### PROBLEM TO SOLVE:
Exactly transcribe the span of lines from the one containing "meblini Schrankbett Bed" through the final line of the entries, inclusive, and nothing outside it. Exclude the pictures.

### DATA FOR PROCESSING:
▼▼▼

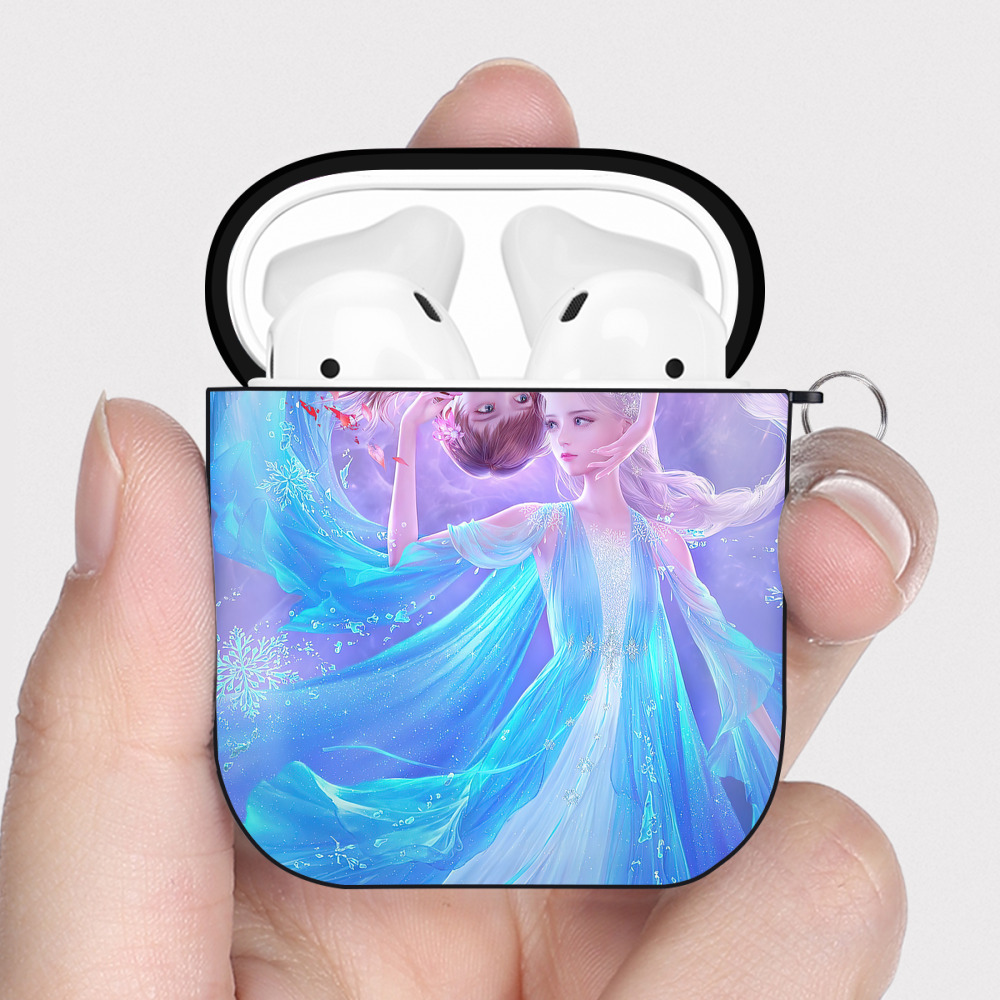 （画像用） アナと雪の女王 アンナ エルサ Frozen Anna Elsa AirPods 第2世代保護ケース ハードシェル ブラック 耐衝撃・防指紋・カラビナ付き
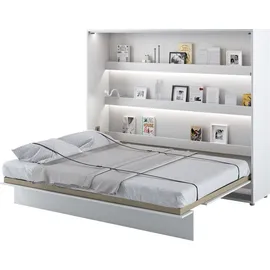 meblini Schrankbett Bed Concept - Wandbett mit Lattenrost - Klappbett mit Schrank - Wandklappbett - Murphy Bed - Bettschrank - BC-14-160x200cm Horizontal - Weiß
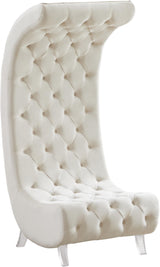 Crescent Cream Velvet Accent Chair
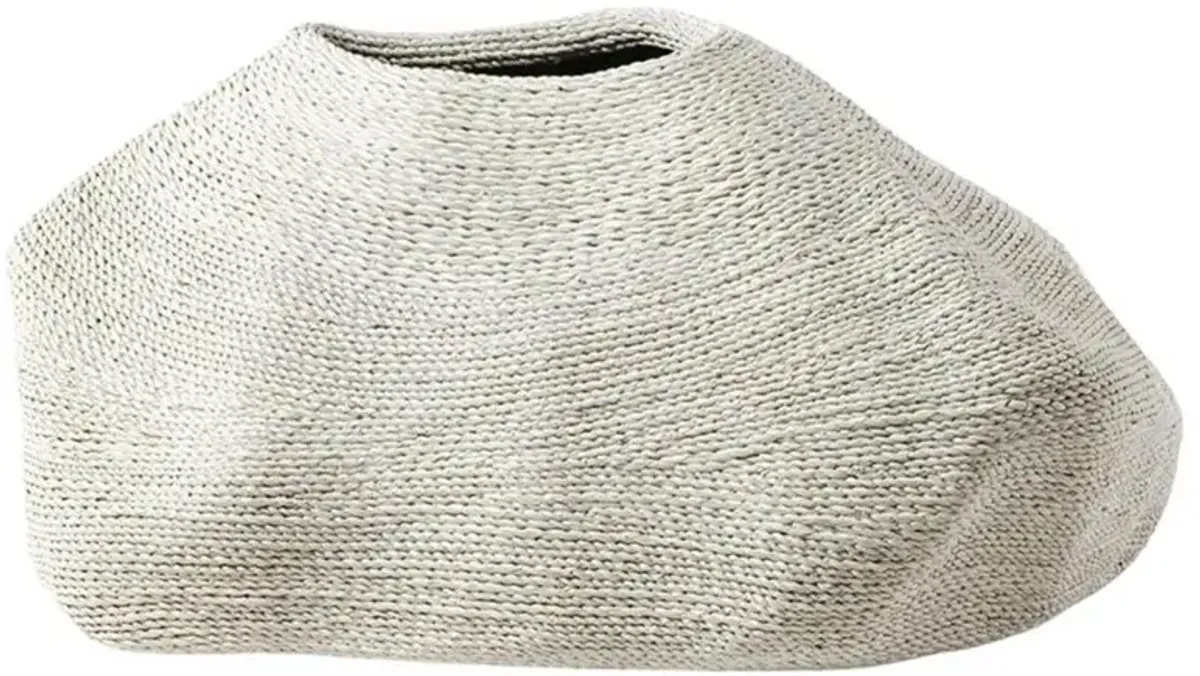 Palecek Jaden Coastal Beach White Wash Hand Woven Rope Decorative Vase - Small
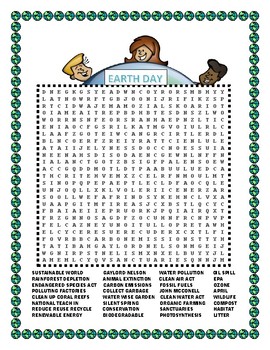 Preview of EARTH DAY-Word Search, Double Puzzle & Fun Facts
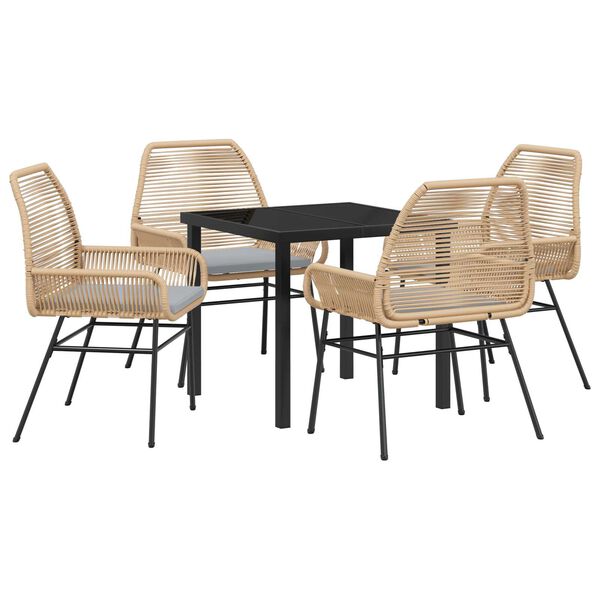 vidaXL Ensemble de salle &agrave; manger pour jardin 5 pcs Marron polyrotin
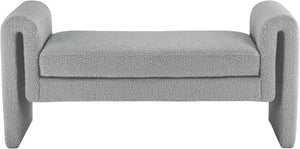 Stylus Boucle Fabric / Engineered Wood / Foam Contemporary Grey Boucle Fabric Bench - 51" W x 17" D x 24.5" H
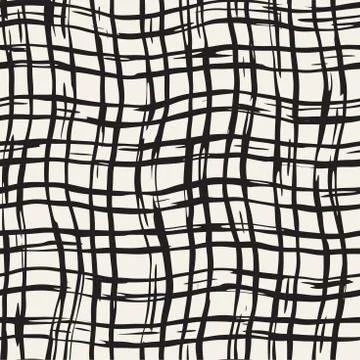 Hand drawn seamless plaid pattern. Allover pattern with ink doodle grunge g.. Illustrazione stock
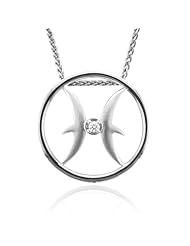 Zodiac Sign Pisces Silver Diamond Pendant Necklace (HI, I1-I2, 0.05 carat)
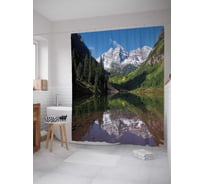 Штора (занавеска) для ванной JoyArty "Горные красоты вверх по течению" из сатена, 180х200 см с крючками, sc_15196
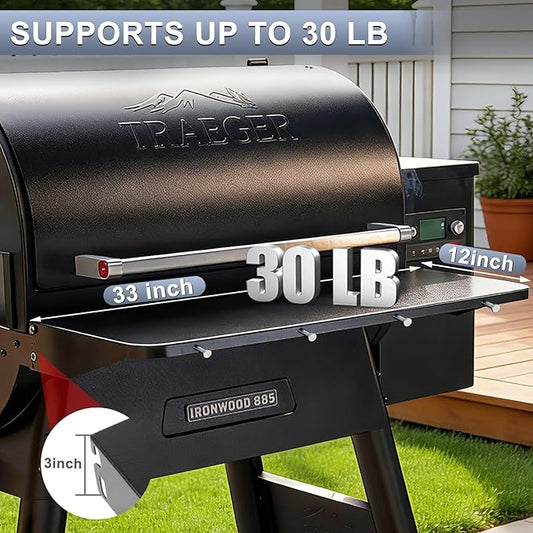 KEESHA BAC442 Folding Front Shelf for Traeger Pro 780, Ironwood 885 Pellet Grills, Heavy-Duty Grill Accessories Replacement for Food Prep and Storage, 32.9'' X 11.5''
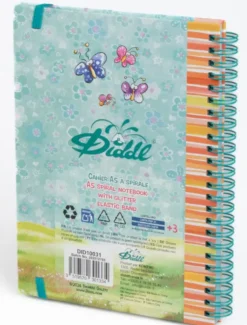 DIDDL -CAHIER A SPIRALE A5 ELASTIQUE A PAILLETTES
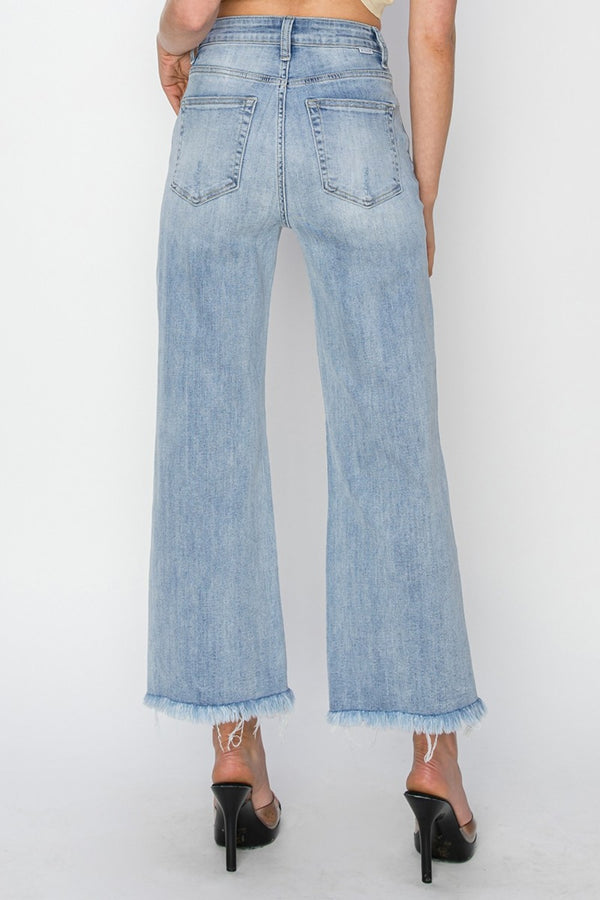 RISEN High Rise Crop Wide Fray Hem Jeans - Teresa's Fashionista LLC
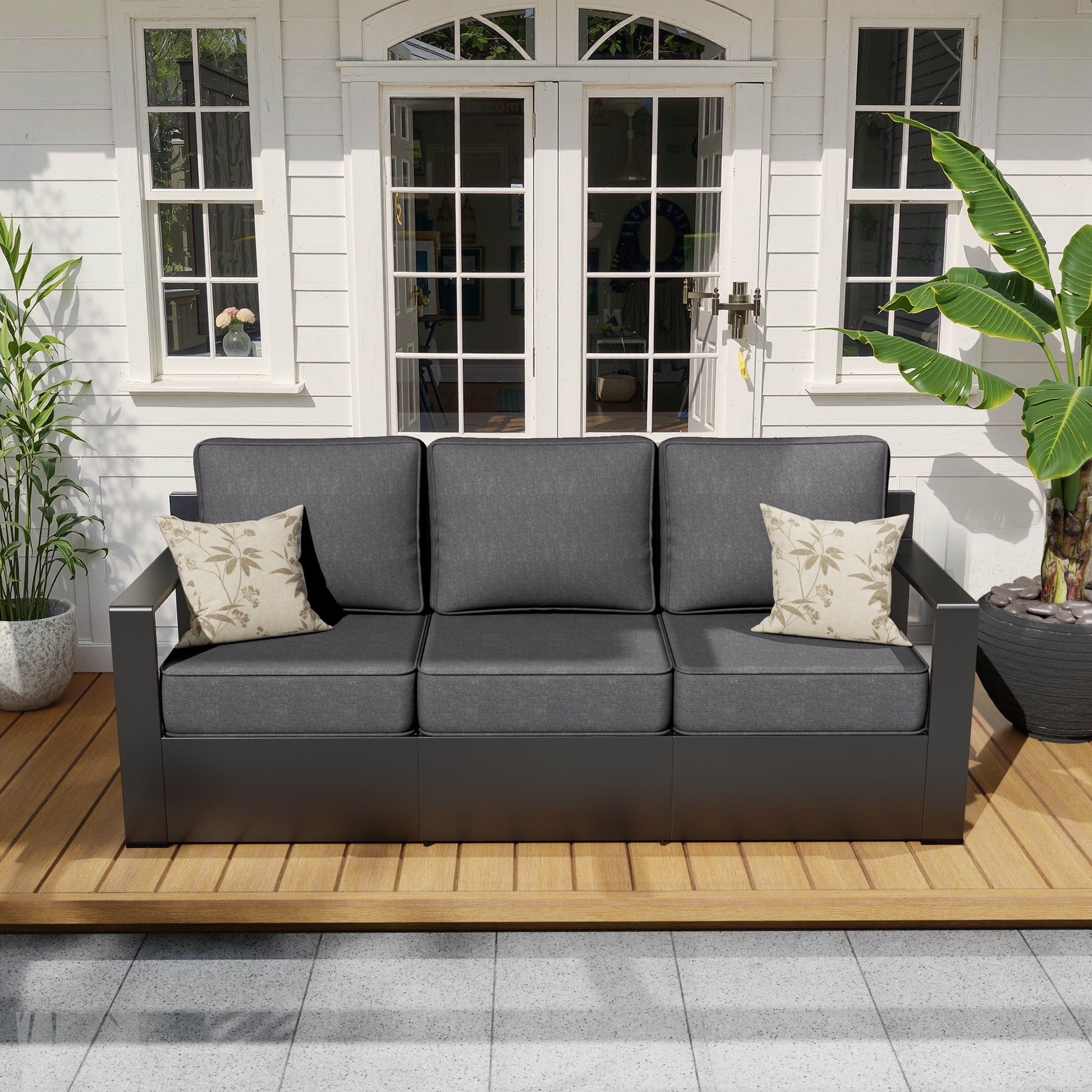 Gardenbee Rattan Outdoor Sofa with Gray Cushions and Steel Frame
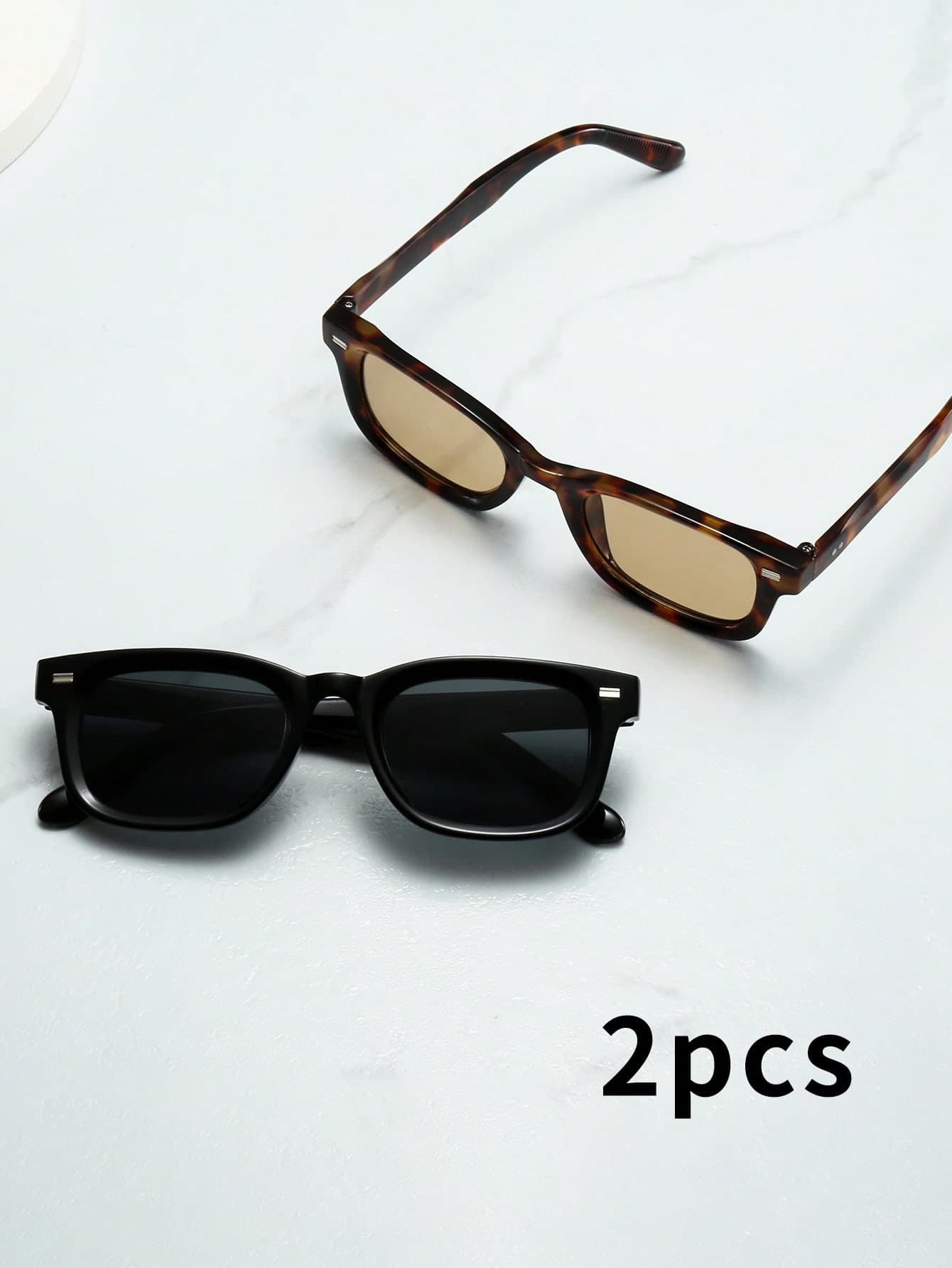 2pcs Men's Rectangular Small Frame High Quality Personalized Minimalist Fashion Glasses, Suitable For Party, Travel, Leisure, Vacation, Beach, Daily Use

▲▲▲

### OUTPUT BELOW:
 meblini Schrankbett Bed Concept - Wandbett mit Lattenrost - Klappbett mit Schrank - Wandklappbett - Murphy Bed - Bettschrank - BC-14-160x200cm Horizontal - Weiß
 Crescent Cream Velvet Accent Chair
 Palecek Jaden Coastal Beach White Wash Hand Woven Rope Decorative Vase - Small
 Preview of EARTH DAY-Word Search, Double Puzzle & Fun Facts
 vidaXL Ensemble de salle &agrave; manger pour jardin 5 pcs Marron polyrotin
 Stylus Boucle Fabric / Engineered Wood / Foam Contemporary Grey Boucle Fabric Bench - 51" W x 17" D x 24.5" H
 Hand drawn seamless plaid pattern. Allover pattern with ink doodle grunge g.. Illustrazione stock
 Zodiac Sign Pisces Silver Diamond Pendant Necklace (HI, I1-I2, 0.05 carat)
 Штора (занавеска) для ванной JoyArty "Горные красоты вверх по течению" из сатена, 180х200 см с крючками, sc_15196
 KEESHA BAC442 Folding Front Shelf for Traeger Pro 780, Ironwood 885 Pellet Grills, Heavy-Duty Grill Accessories Replacement for Food Prep and Storage, 32.9'' X 11.5''
 DIDDL -CAHIER A SPIRALE A5 ELASTIQUE A PAILLETTES
 RISEN High Rise Crop Wide Fray Hem Jeans - Teresa's Fashionista LLC
 Gardenbee Rattan Outdoor Sofa with Gray Cushions and Steel Frame
 2pcs Men's Rectangular Small Frame High Quality Personalized Minimalist Fashion Glasses, Suitable For Party, Travel, Leisure, Vacation, Beach, Daily Use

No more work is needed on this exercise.